Greece seeking Turkey restart as leaders meet

AFP , Wednesday 12 Jul 2023

The Greek prime minister is to hold a rare meeting with Turkish President Recep Tayyip Erdogan on Wednesday, with the two countries seeking to build on a rapprochement forged after this year's deadly earthquake.

Greece - Turkey
File photo: Turkish President Recep Tayyip Erdogan (L) meets with Greek Prime Minister Kyriakos Mitsotakis (R) in Istanbul. AFP


"I hope and look forward to building on this positive climate and make some important steps of progress," Prime Minister Kyriakos Mitsotakis said to reporters Tuesday on the sidelines of a NATO summit in Vilnius, Lithuania.

"As I have said many times, we are not condemned to live in a constant climate of tension with Turkey."

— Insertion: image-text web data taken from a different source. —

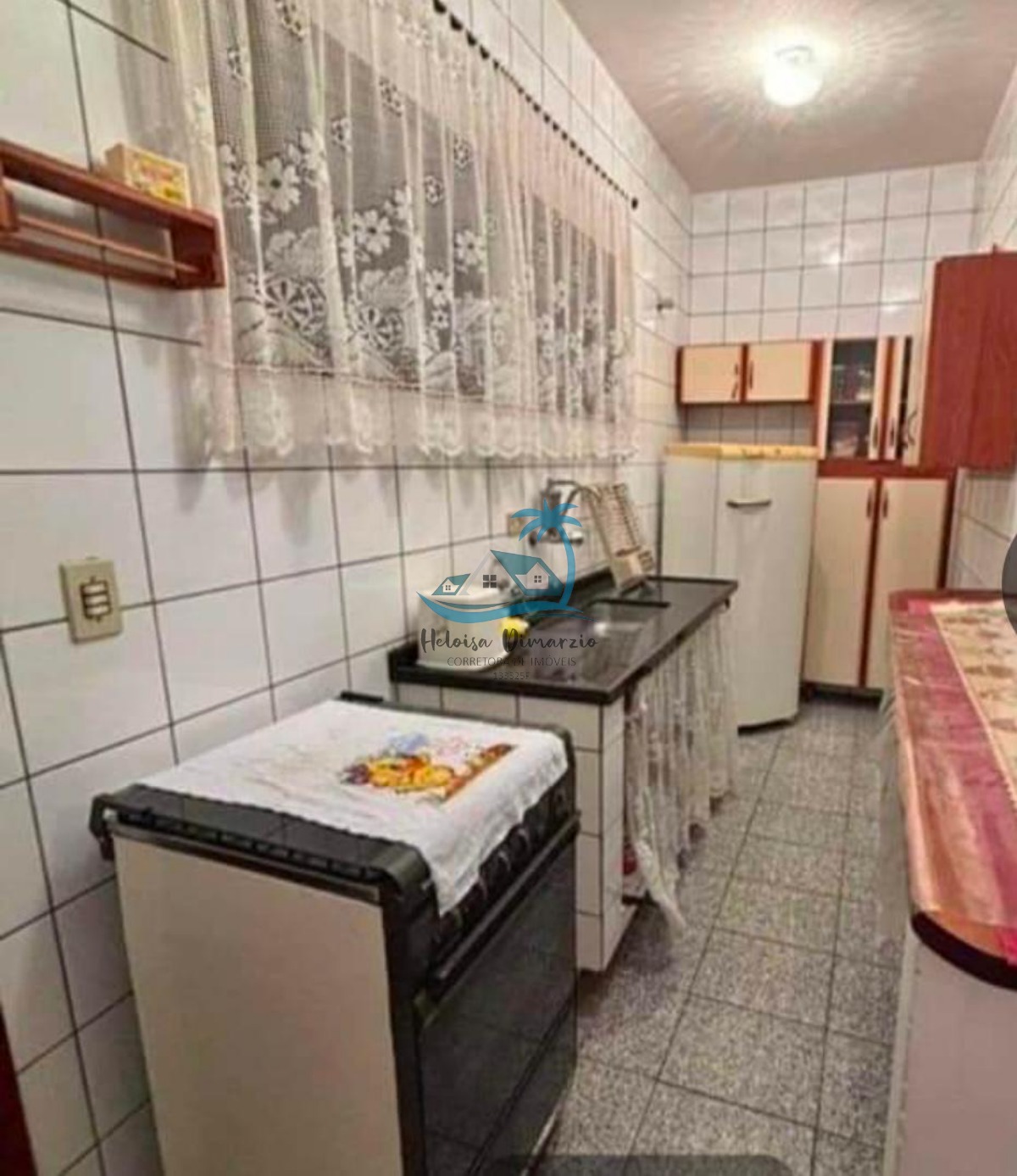 Apartamento à venda com 1 quarto, 50m² - Foto 4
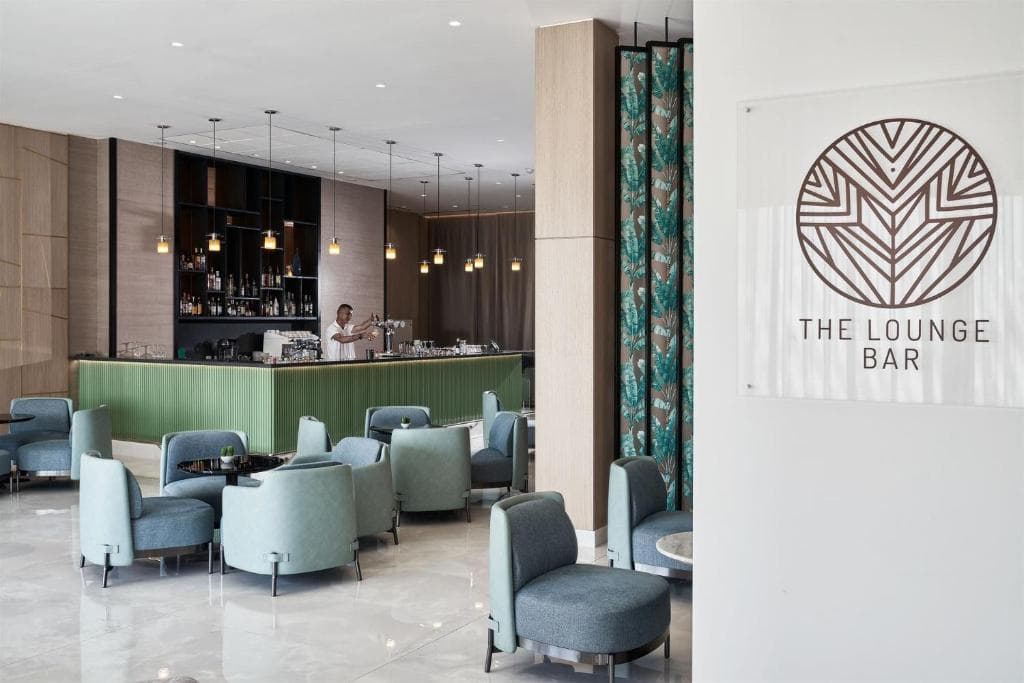 Atlantica Mare Village Paphos - 36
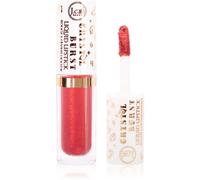 J.Cat Beauty Crystal Burst rouge à lèvres liquide longue tenue teinte 101 Mind Reader 0.8 g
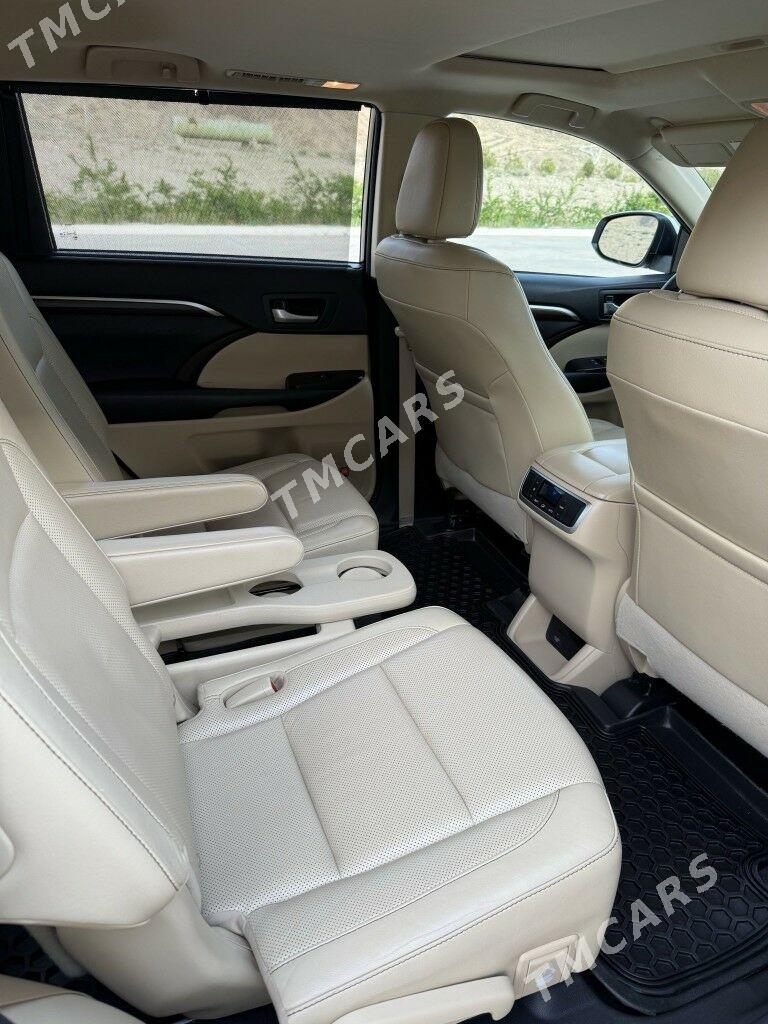 Toyota Highlander 2016 - 440 000 TMT - Балканабат - img 8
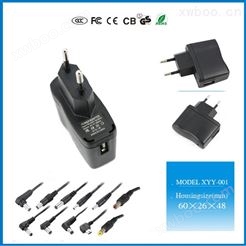 KDL-001欧规USB
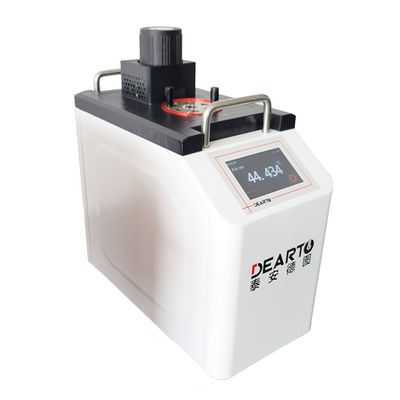 16Kg χωρητικότητα Μικρό PID αυτοέλεγχος υγρό θέρμανση του μπάνιου θερμοστάτη με λάδι σιλικόνης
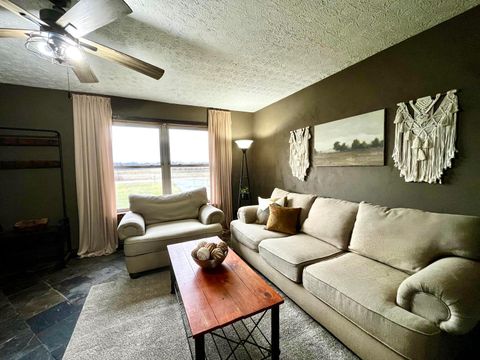 Tiny photo for 1454 Erwin Road, Jackson, OH 45640 (MLS # 226005514)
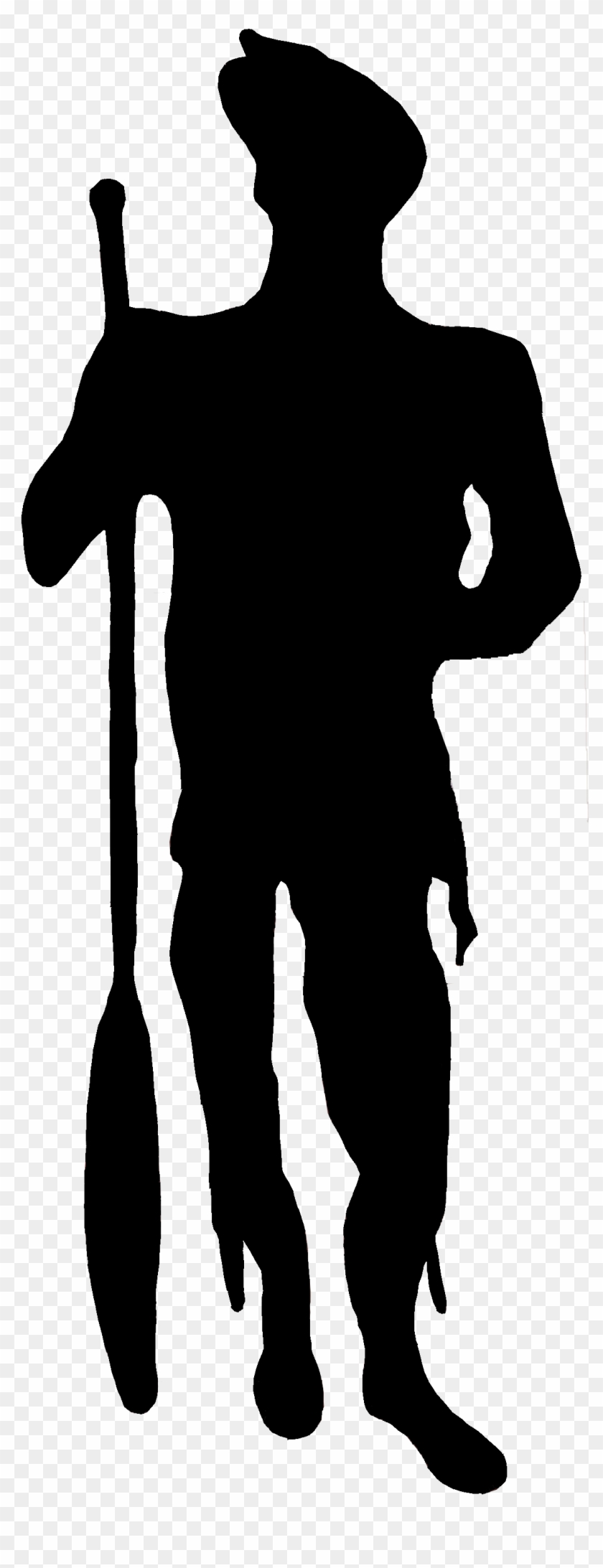 True North Voyageur Brigade - Silhouette #457066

The two uneasy NATO neighbours have long feuded over maritime borders and energy exploration rights in disputed parts of the Aegean and eastern Mediterranean.

"We obviously have significant differences," said Mitsotakis.

"But we can agree...on a roadmap so that we can resolve our most important geopolitical difference, the delimitation of maritime zones, namely exclusive economic zones and the continental shelf in the Aegean and the eastern Mediterranean."

Erdogan had hosted a March 2022 meeting with Mitsotakis in Istanbul, but the relationship rapidly soured in the following months.

The Turkish leader accused Greece of "occupying" Aegean islands, whose status was settled in post-war treaties, and warned that Turkey's armed forces could "come overnight" and "do what is necessary".

At their last encounter in Prague in October, the pair had a verbal spat when Erdogan reportedly said Athens was raising tension in the region with provocative actions.

Erdogan at the time claimed that Mitsotakis had stormed out of the official dinner of an informal European summit.

But the rhetoric was toned down in February when Greece sent aid and rescue teams in the wake of a massive earthquake that killed more than 50,000 people.

Greece's then-foreign minister Nikos Dendias was also the first European minister to visit Turkey after the quake.

What is known in the two nations as 'earthquake diplomacy' also came into play in 1999 when two deadly quakes struck Turkey and Greece within a month of each other.

It brought about a thaw in relations just three years after the NATO allies had nearly gone to war over an uninhabited islet in the Aegean Sea.